### Problem
Repeat, exactly and in full, the lines of the listing below, but without any pictures.
*** Opening Data shown ***
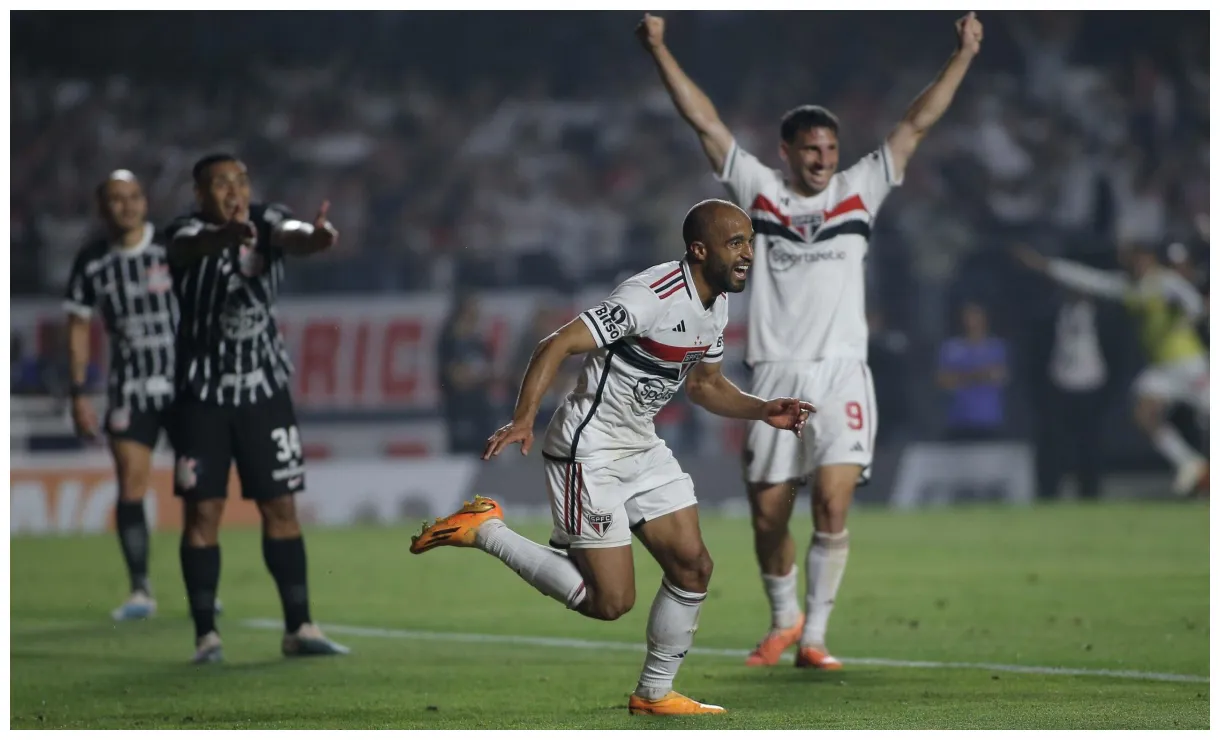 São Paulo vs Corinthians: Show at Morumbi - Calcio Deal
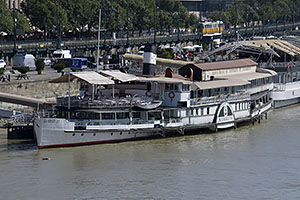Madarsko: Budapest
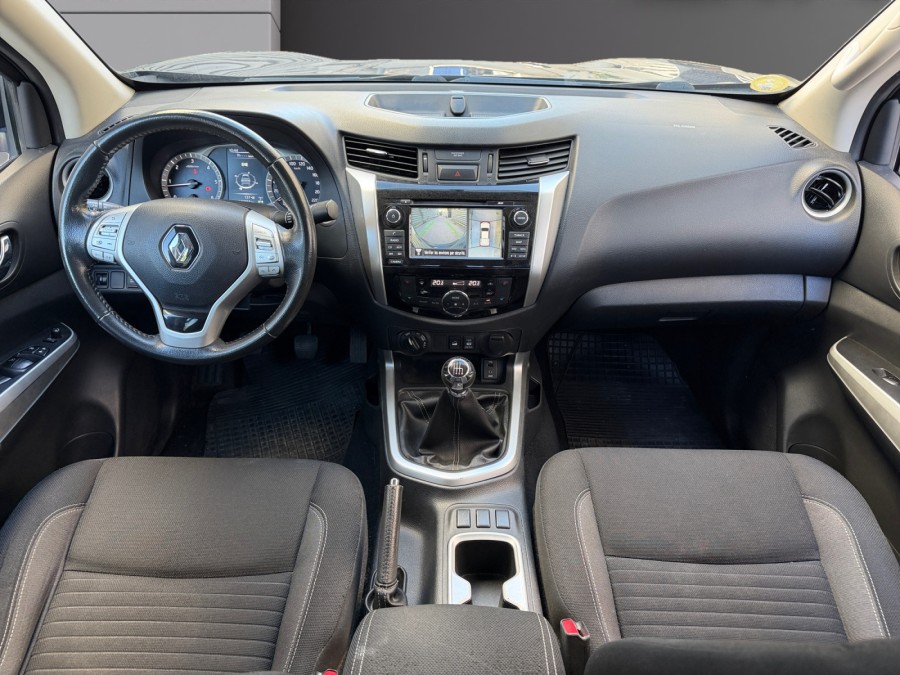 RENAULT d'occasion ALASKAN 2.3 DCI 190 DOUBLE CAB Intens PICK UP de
*** Closing Data shown ***
### Your response
 São Paulo vs Corinthians: Show at Morumbi - Calcio Deal
Madarsko: Budapest
 RENAULT d'occasion ALASKAN 2.3 DCI 190 DOUBLE CAB Intens PICK UP de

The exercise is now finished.